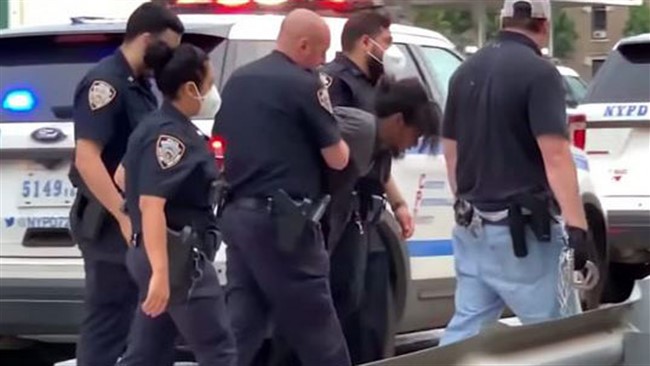 پلیس نیویورک سیتی زندان فراری را که موفق شده بود خود را با استفاده از یک مقوای بزرگ پشت دستگاه بافندگی پنهان کند دستگیر کرد.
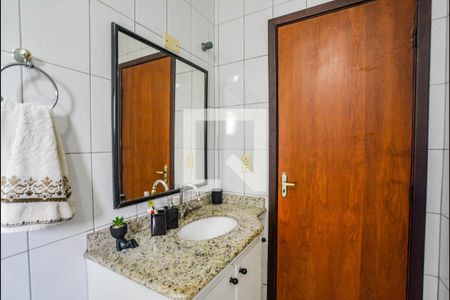 Banheiro da Suíte de apartamento à venda com 2 quartos, 68m² em Vila Valparaíso, Santo André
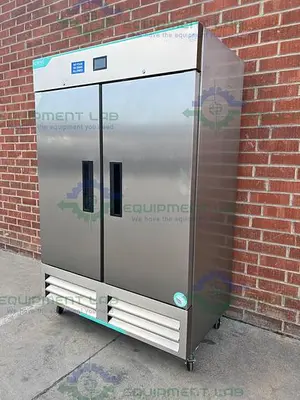 USED NORLAKE NSWDF492SSS/0A WHITE DIMOND SERIES DOUBLE DOOR FREEZER -20C, 49 CU. FT.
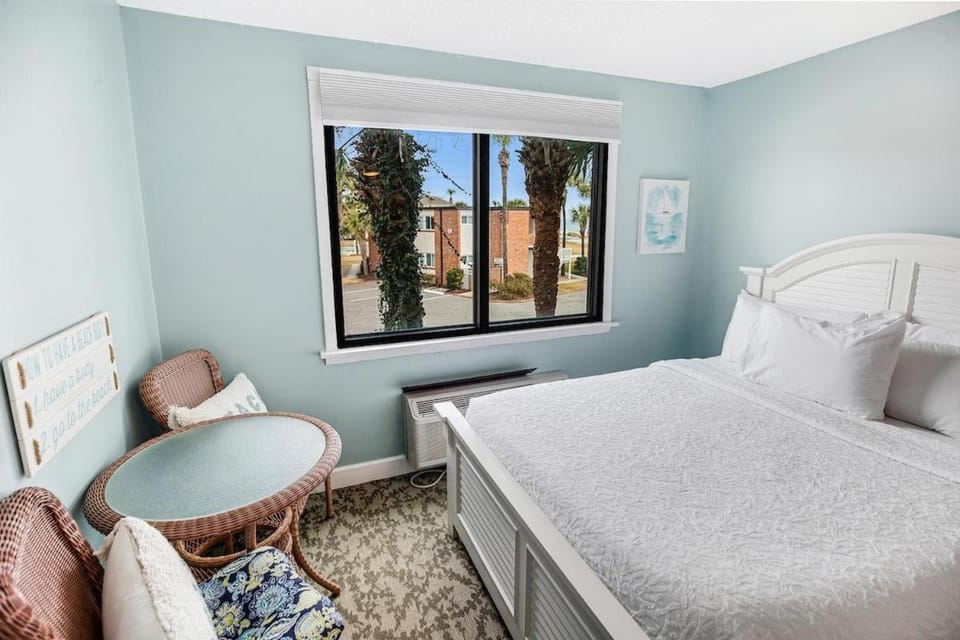 Two Queen Beds, 2nd Floor Resort View Room Apartment in South Carolina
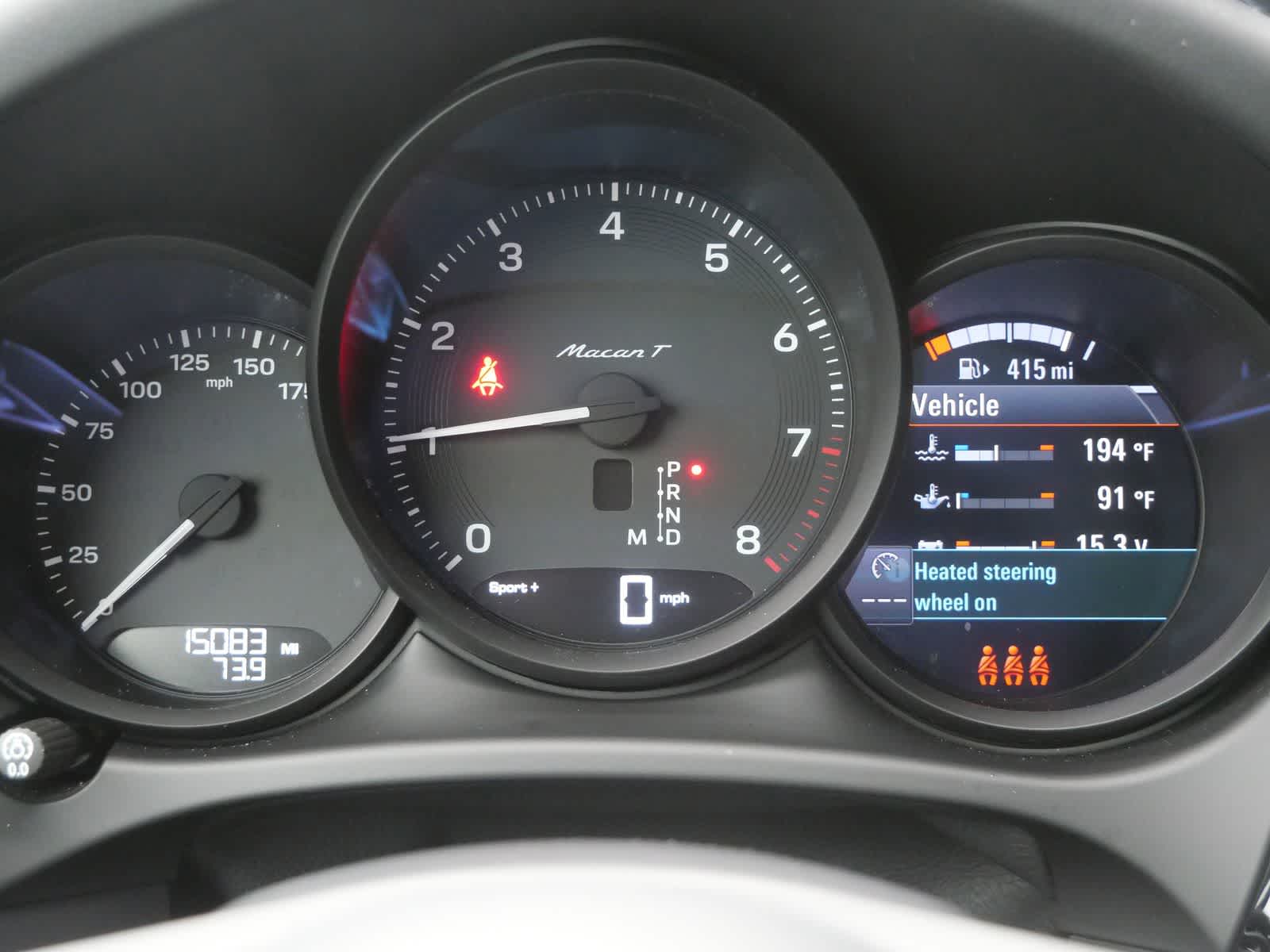 Thumbnail: 2023 Porsche Macan - 21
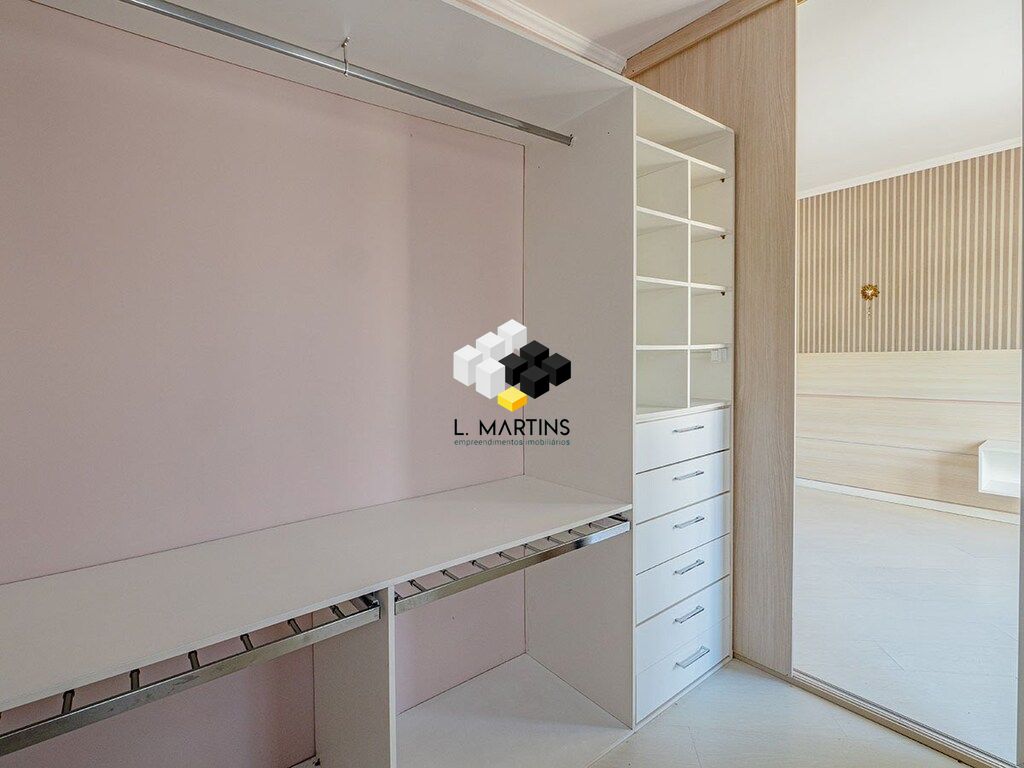 Casa de 3 quartos, 224m² no bairro Sarandi, em Porto Alegre | Eu Corretor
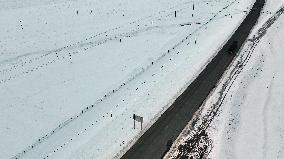 Heavy Snow Hit Tianshan Mountain in Hami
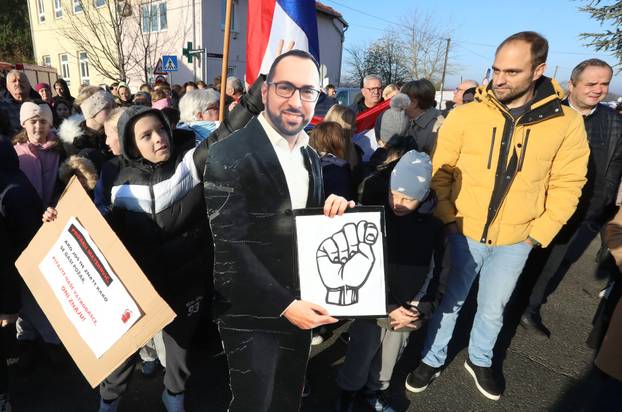 Zagreb: U organizaciji roditelja učenika osnovne škole Donji Dragonožec održan 3. bojkot nastave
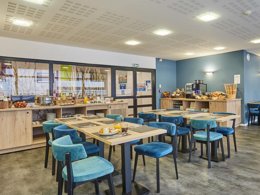 Camping Pas Cher vous présente avec son site Officiel campingpascher.fr, la Résidence Odalys Référence Archipel classé 4 étoiles, située sur la commune de La Rochelle dans le département Charente-maritime (Poitou Charentes) en France. La résidence Odalys Référence Archipel vous propose un hébergement de type studio de 24 m² pour 2 personnes (télévision). Cet hébergement propose plus de 44 dates différentes pour réserver ! Pour dévouvrir la période la moins chère, consultez la rubrique 'Tarifs' et sélectionnez votre mois de départ. L'établissement vous propose 5 autres types d'hébergements. Découvrez tous nos séjours à petits prix dans la commune et aux alentours de La Rochelle du département : Charente-maritime (Poitou Charentes). Les Avis clients pour la Résidence Odalys Référence Archipel sont excellents avec une note moyenne de 9 sur 10. Piscine extérieure, Canoë-kayak, Centre équestre, Court de tennis, Golf, Salle de fitness,... En savoir plus : cliquez-ICI.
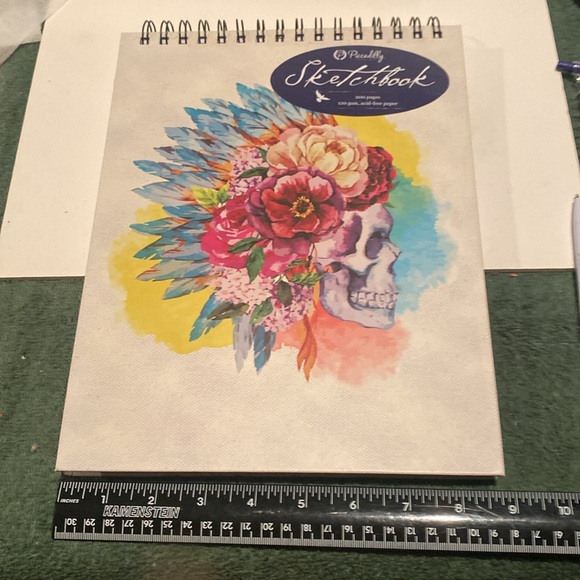 NWT Piccadilly Sketchbook - Picture 2 of 3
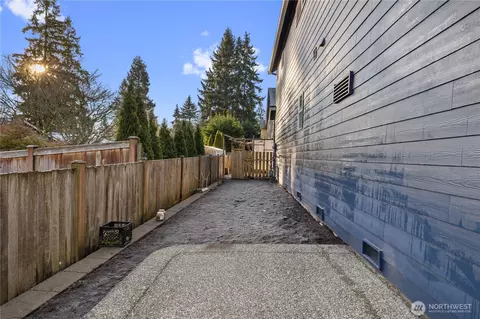 Exterior - 12014 NE 162nd Pl, Bothell, WA 98011 photo 5 of 6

• • •

▸ **Activity**
Working from the listing above, retype it exactly but include no images.

▸ **Task answer**
 پلیس نیویورک سیتی زندان فراری را که موفق شده بود خود را با استفاده از یک مقوای بزرگ پشت دستگاه بافندگی پنهان کند دستگیر کرد.
 Banheiro da Suíte de apartamento à venda com 2 quartos, 68m² em Vila Valparaíso, Santo André
 USED NORLAKE NSWDF492SSS/0A WHITE DIMOND SERIES DOUBLE DOOR FREEZER -20C, 49 CU. FT.
 Two Queen Beds, 2nd Floor Resort View Room Apartment in South Carolina
 Thumbnail: 2023 Porsche Macan - 21
 Casa de 3 quartos, 224m² no bairro Sarandi, em Porto Alegre | Eu Corretor
 Heavy Snow Hit Tianshan Mountain in Hami
 Zagreb: U organizaciji roditelja učenika osnovne škole Donji Dragonožec održan 3. bojkot nastave
 Camping Pas Cher vous présente avec son site Officiel campingpascher.fr, la Résidence Odalys Référence Archipel classé 4 étoiles, située sur la commune de La Rochelle dans le département Charente-maritime (Poitou Charentes) en France. La résidence Odalys Référence Archipel vous propose un hébergement de type studio de 24 m² pour 2 personnes (télévision). Cet hébergement propose plus de 44 dates différentes pour réserver ! Pour dévouvrir la période la moins chère, consultez la rubrique 'Tarifs' et sélectionnez votre mois de départ. L'établissement vous propose 5 autres types d'hébergements. Découvrez tous nos séjours à petits prix dans la commune et aux alentours de La Rochelle du département : Charente-maritime (Poitou Charentes). Les Avis clients pour la Résidence Odalys Référence Archipel sont excellents avec une note moyenne de 9 sur 10. Piscine extérieure, Canoë-kayak, Centre équestre, Court de tennis, Golf, Salle de fitness,... En savoir plus : cliquez-ICI.
 NWT Piccadilly Sketchbook - Picture 2 of 3
 Exterior - 12014 NE 162nd Pl, Bothell, WA 98011 photo 5 of 6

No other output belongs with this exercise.